# Huntington Beach state park



## sharkdrake (Jul 19, 2017)

Looking to stay there next August but wanted some info before I book. Are the flies and mosquitoes bad in the camp ground and beach? Was there last year for a couple days and the flies on the north beach were terrible along with the mosquitoes in the wooded areas. Any info is greatly appreciated 
Thanks


----------



## SmoothLures (Feb 13, 2008)

I've never had a problem on the beach, but it depends on wind direction. It doesn't take much to blow them onto you or off of you. Any wet wooded areas in SC are gonna be thick with mosquitoes in August, not much you can do about that.


----------



## Paul E (Sep 12, 2017)

Don’t walk around near the lagoon less you wanna be **********.


----------



## sharkdrake (Jul 19, 2017)

How is the fishing there in September?
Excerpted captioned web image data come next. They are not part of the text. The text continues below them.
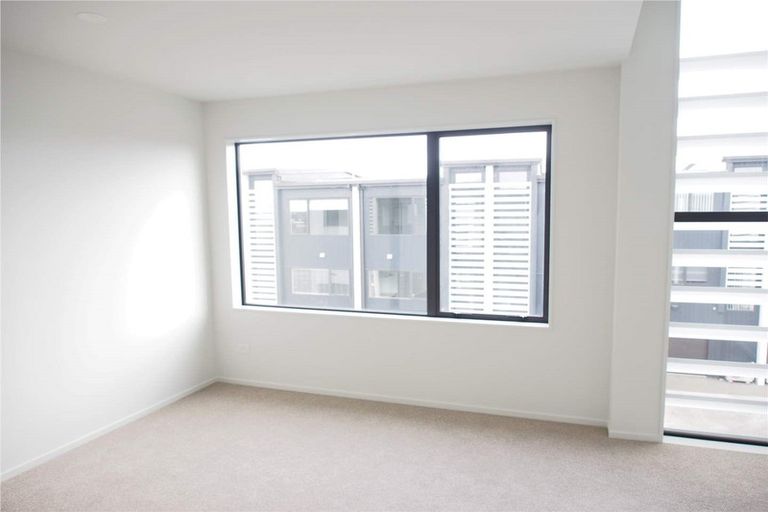 Photo of property in 38 Memorial Park Lane, Hobsonville, Auckland, 0618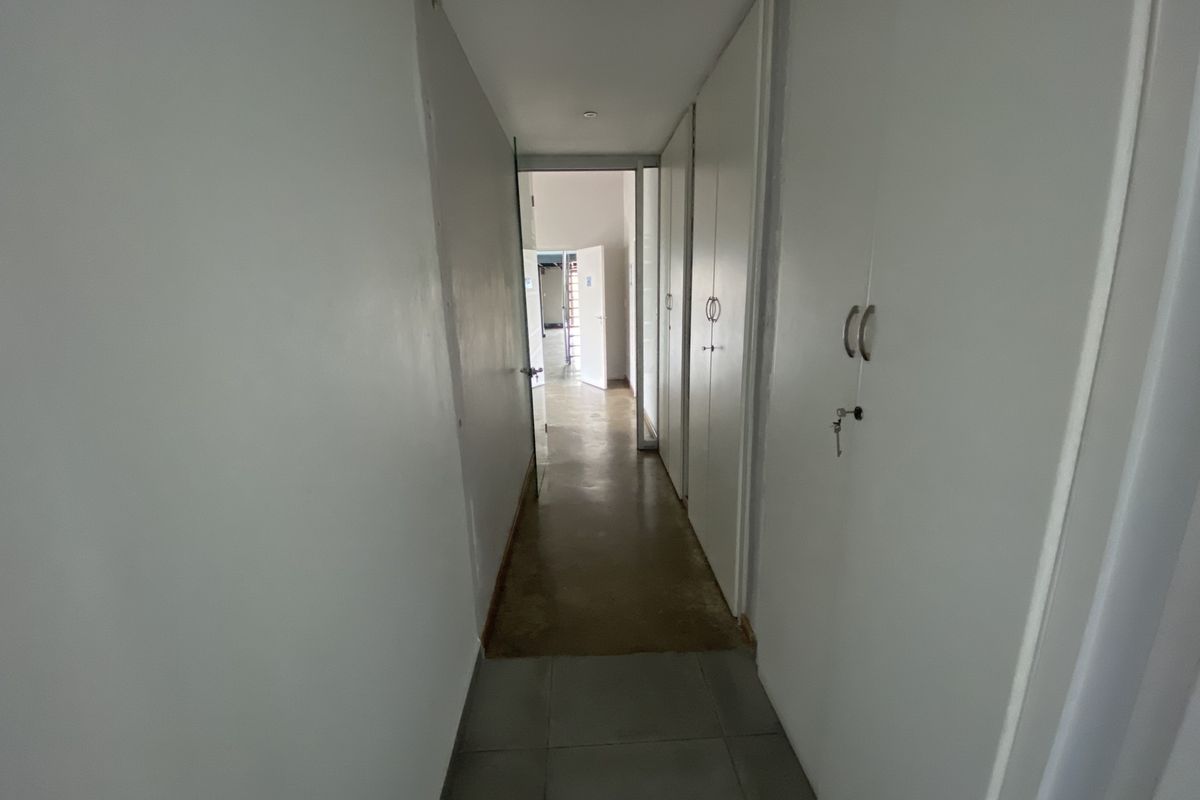 Modern Mini Warehouse to Let in North Riding - Photo 3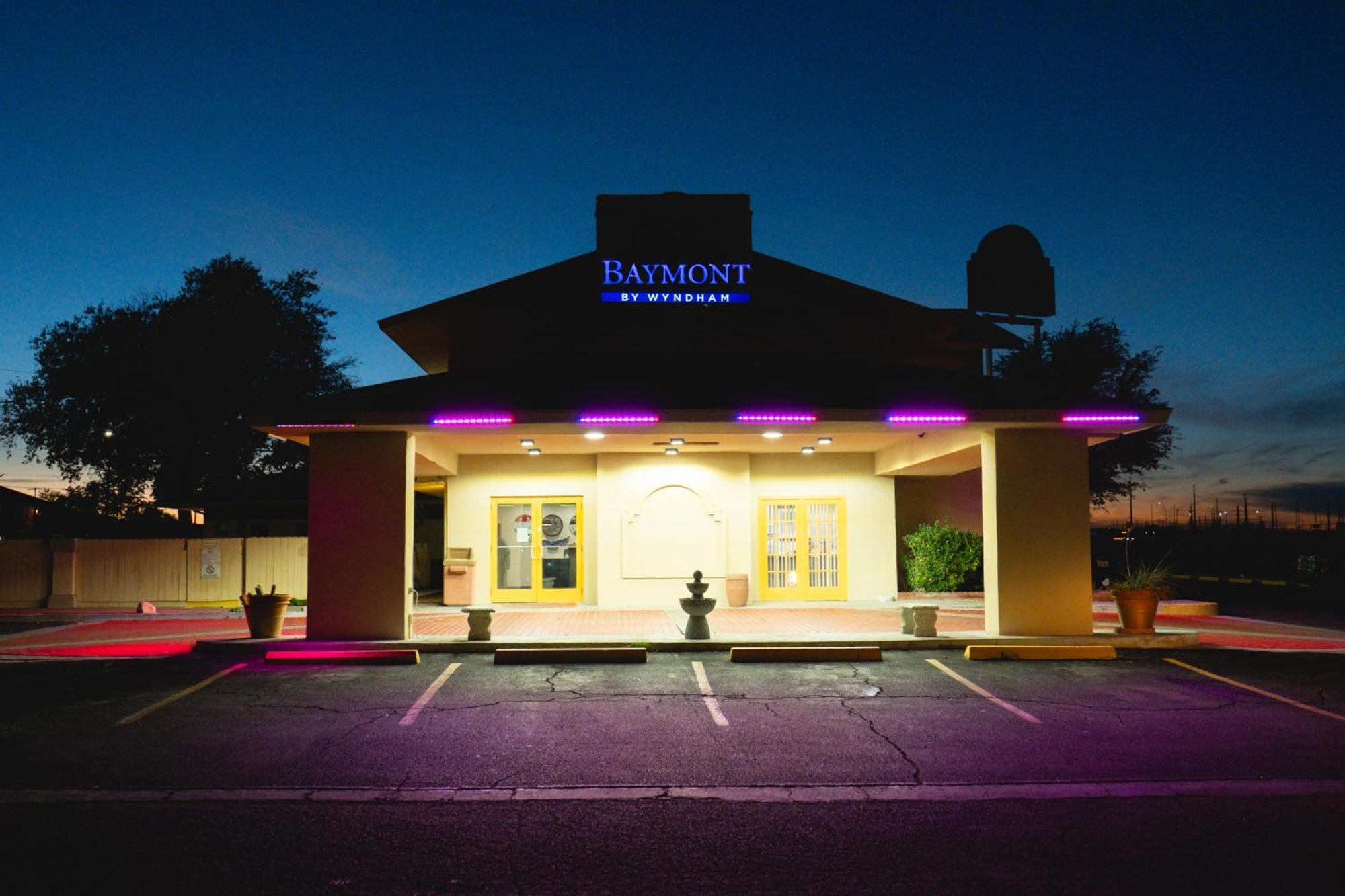 ホテル Baymont By Wyndham フォート・ストックトン エクステリア 写真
Fished the inlet last year but that was early August but can come down anytime in September also


----------



## SmoothLures (Feb 13, 2008)

Better than August. Closer to Oct is the best.


----------



## ChefRobb (Jan 8, 2016)

sharkdrake said:


> How is the fishing there in September? Fished the inlet last year but that was early August but can come down anytime in September also


The later in the year the better, although in September you still have a chance for a King out at the end of the jetty.


----------